Auch für diesen Sonntag haben „Querdenker“-Anhänger und Verordnungskritiker wieder mehrere Demonstrationen angemeldet, auch Spontan-Demos scheinen sich zu bilden. An der Siegessäule hat sich - ohne Demo-Anmeldung - laut Polizei bereits am frühen Morgen eine „Personenanzahl im unteren vierstelligen Bereich“ zusammengefunden. Einige Menschen hätten versucht, auf der Grünfläche direkt um die Siegessäule Zelte aufzuschlagen. „Das ist unterbunden worden“, sagte Martin Halweg, Sprecher der Berliner Polizei, der Berliner Zeitung am Sonntagmittag. Man sei mit rund 200 Einsatzkräften vor Ort.

Mehr als 1000 Demonstranten strömten auch am Sonntag wieder zur Siegessäule. Foto: Eric Richard

Am Sonnabend waren Siegessäule und Großer Stern Schauplatz für die Abschlusskundgebung nach der Großdemonstration der „Querdenker“ mit mehreren Zehntausend Teilnehmern, großer Bühne und riesigen Videoleinwänden gewesen. Die Hauptbühne an der Siegessäule sei vom Veranstalter trotz Aufforderungen nach wie vor nicht abgebaut worden, beklagt die Polizei. Werde das nicht zügig erfolgen, werde die Polizei eine Firma beauftragen und die Arbeit den Anmeldern in Rechnung stellen.

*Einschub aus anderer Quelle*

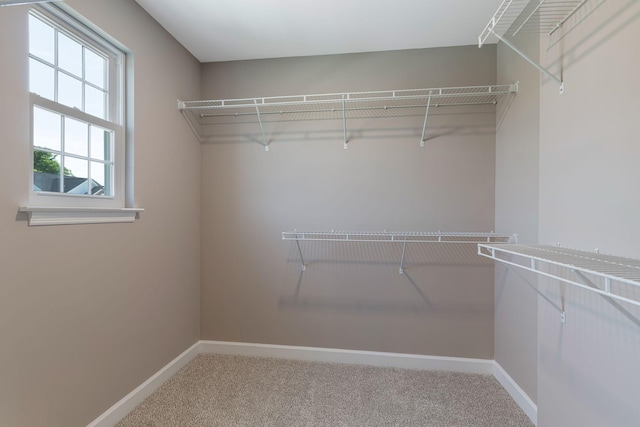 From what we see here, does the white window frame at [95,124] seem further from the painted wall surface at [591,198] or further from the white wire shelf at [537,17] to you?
the painted wall surface at [591,198]

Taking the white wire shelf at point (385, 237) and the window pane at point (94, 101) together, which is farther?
the white wire shelf at point (385, 237)

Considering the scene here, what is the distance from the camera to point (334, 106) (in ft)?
7.35

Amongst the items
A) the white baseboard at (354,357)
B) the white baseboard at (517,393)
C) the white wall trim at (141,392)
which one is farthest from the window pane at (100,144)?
the white baseboard at (517,393)

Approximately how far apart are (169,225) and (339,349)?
61.8 inches

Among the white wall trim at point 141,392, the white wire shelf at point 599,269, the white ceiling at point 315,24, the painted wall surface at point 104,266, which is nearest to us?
the white wire shelf at point 599,269

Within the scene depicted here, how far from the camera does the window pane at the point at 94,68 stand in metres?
1.55

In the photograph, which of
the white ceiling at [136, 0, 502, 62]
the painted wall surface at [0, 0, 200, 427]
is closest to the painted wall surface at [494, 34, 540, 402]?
the white ceiling at [136, 0, 502, 62]

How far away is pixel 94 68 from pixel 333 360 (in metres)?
2.45

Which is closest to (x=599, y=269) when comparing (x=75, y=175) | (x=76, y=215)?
(x=76, y=215)

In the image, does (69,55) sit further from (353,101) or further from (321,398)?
(321,398)

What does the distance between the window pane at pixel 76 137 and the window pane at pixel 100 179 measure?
9 centimetres

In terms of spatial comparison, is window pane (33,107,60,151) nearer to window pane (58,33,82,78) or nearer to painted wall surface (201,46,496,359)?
window pane (58,33,82,78)

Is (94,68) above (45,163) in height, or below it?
above

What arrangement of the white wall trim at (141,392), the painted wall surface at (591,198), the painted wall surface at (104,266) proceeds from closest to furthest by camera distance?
the painted wall surface at (591,198) → the painted wall surface at (104,266) → the white wall trim at (141,392) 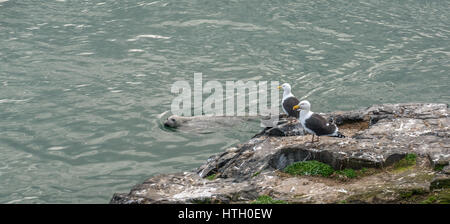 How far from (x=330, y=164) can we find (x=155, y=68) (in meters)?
13.1

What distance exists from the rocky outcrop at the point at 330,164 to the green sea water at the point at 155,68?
119 inches

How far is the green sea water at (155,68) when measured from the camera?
58.4 feet

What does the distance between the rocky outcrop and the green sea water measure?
9.89 ft

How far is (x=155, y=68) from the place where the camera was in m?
24.4

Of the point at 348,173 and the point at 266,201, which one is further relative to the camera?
the point at 348,173

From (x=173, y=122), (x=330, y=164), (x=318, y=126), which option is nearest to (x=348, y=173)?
(x=330, y=164)

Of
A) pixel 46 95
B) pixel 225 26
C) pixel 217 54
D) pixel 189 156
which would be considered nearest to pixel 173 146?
pixel 189 156

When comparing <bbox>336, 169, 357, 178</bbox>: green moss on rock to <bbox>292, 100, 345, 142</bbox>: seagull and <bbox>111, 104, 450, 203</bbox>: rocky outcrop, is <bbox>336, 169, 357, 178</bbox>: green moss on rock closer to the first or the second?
<bbox>111, 104, 450, 203</bbox>: rocky outcrop

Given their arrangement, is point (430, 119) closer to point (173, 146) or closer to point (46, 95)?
point (173, 146)

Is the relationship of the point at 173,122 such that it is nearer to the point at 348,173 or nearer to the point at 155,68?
the point at 155,68

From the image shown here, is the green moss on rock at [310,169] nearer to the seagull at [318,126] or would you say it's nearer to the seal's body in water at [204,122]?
the seagull at [318,126]

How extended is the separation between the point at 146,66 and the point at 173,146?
692cm

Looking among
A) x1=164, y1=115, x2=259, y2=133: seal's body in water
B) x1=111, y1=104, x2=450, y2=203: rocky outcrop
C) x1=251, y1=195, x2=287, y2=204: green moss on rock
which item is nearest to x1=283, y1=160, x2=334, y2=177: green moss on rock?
x1=111, y1=104, x2=450, y2=203: rocky outcrop

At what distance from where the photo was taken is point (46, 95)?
73.0 ft
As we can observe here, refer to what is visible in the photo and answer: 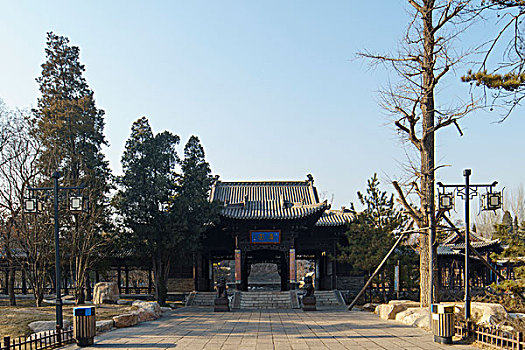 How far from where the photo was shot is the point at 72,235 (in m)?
19.0

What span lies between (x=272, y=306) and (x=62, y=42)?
50.4 feet

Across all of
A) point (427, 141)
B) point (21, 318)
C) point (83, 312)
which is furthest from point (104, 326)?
point (427, 141)

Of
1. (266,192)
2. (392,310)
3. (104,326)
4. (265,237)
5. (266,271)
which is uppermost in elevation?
(266,192)

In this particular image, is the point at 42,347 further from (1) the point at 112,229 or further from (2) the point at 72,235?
(1) the point at 112,229

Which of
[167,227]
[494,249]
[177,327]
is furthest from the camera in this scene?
[494,249]

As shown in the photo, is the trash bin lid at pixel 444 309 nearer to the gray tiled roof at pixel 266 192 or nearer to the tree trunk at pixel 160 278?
the tree trunk at pixel 160 278

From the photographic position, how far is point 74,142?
815 inches

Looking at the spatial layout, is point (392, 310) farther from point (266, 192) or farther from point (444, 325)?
point (266, 192)

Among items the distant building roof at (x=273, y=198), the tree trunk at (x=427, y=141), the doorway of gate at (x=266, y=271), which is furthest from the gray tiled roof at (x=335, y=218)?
the tree trunk at (x=427, y=141)

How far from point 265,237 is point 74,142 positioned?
31.6 ft

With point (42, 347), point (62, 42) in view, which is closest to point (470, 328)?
point (42, 347)

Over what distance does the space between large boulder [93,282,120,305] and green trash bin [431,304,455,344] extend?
13025 mm

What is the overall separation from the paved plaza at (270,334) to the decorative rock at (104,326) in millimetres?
286

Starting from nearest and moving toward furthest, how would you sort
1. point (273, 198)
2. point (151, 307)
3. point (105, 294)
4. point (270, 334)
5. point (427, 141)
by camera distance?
point (270, 334)
point (427, 141)
point (151, 307)
point (105, 294)
point (273, 198) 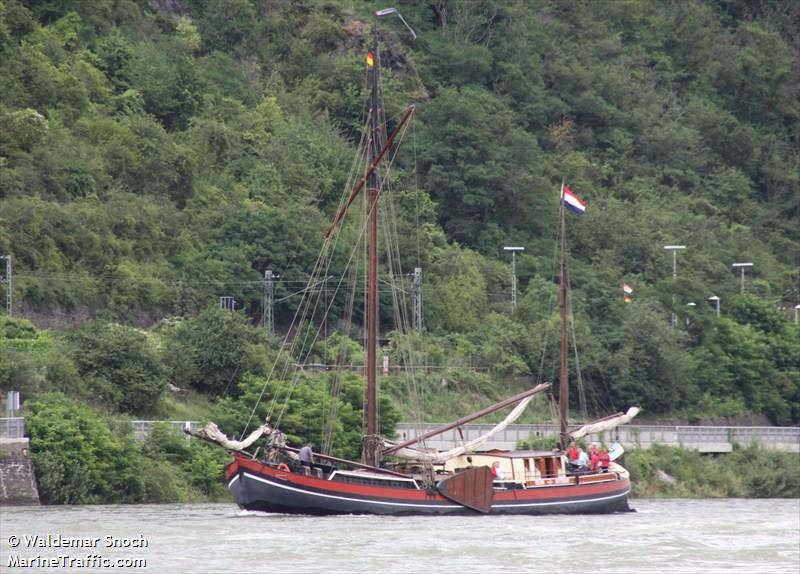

Vorab sei für die Siegessäule am Sonntag keine Demonstration angemeldet worden, erklärte Halweg auf Nachfrage um kurz vor 15 Uhr. Es handele sich dort also bisher um eine „unerlaubte Personenansammlung“. Man prüfe aktuell aber nach, ob in der vergangenen Stunde die Anmeldung einer Spontan-Demonstration eingegangen sei. Die Menge an der Siegessäule habe zu eng beieinander gestanden. Man habe zunächst Platzverweise ausgesprochen, danach auch Personen festgenommen und Ordnungswidrigkeitsverfahren wegen Verstößen gegen das Infektionsschutzgesetz eingeleitet.

Am Nachmittag entschlossen sich nach Schätzung eines Reporters der Berliner Zeitung schließlich rund 500 Menschen am Großen Stern dazu, als Spontandemo durch den Tiergarten zu ziehen.

Am Nachmittag entschieden sich rund 500 Teilnehmer zu einer Spontandemo durch den Tiergarten. Foto: Eric Richard

Bereits seit 10 Uhr laufen die „Querdenker“ außerdem auf der Straße Unter den Linden zwischen Friedrichstraße und Pariser Platz. Die Demonstration sei mit 300 Teilnehmern angemeldet unter dem Motto „Wir gründen 299 Querdenker-Fronten auf Wahlkreisebenen“, kombiniert mit einer Kundgebung auf dem Pariser Platz zum Thema „Maskenball vor dem Brandenburger Tor“. Bislang verlaufe dort alles ruhig.

Auch das ursprünglich von der Versammlungsbehörde verbotene Protestcamp der „Querdenker“ mit Dauerprotest von 0 bis 24 Uhr darf nun stattfinden. „Das Oberverwaltungsgericht hat es für zulässig erklärt“, sagte Polizeisprecher Halweg. Am Samstagmorgen hatte das Gericht noch das Verbot bestätigt. Laut „Querdenker“-Initiator Michael Ballweg hatte man gegen diese Entscheidung aber noch einmal Beschwerde eingelegt.

Das Zeltlager im Spreebogen-Park wurde ursprünglich mit täglich 20.000 Teilnehmern angemeldet. „Bislang ist aber noch niemand zu sehen“, so Halweg. Im Tiergarten campten derzeit noch Personen mit „derselben Thematik, aus demselben Kreis“. Man gehe davon aus, dass sie nun auf die andere Fläche umziehen wollen.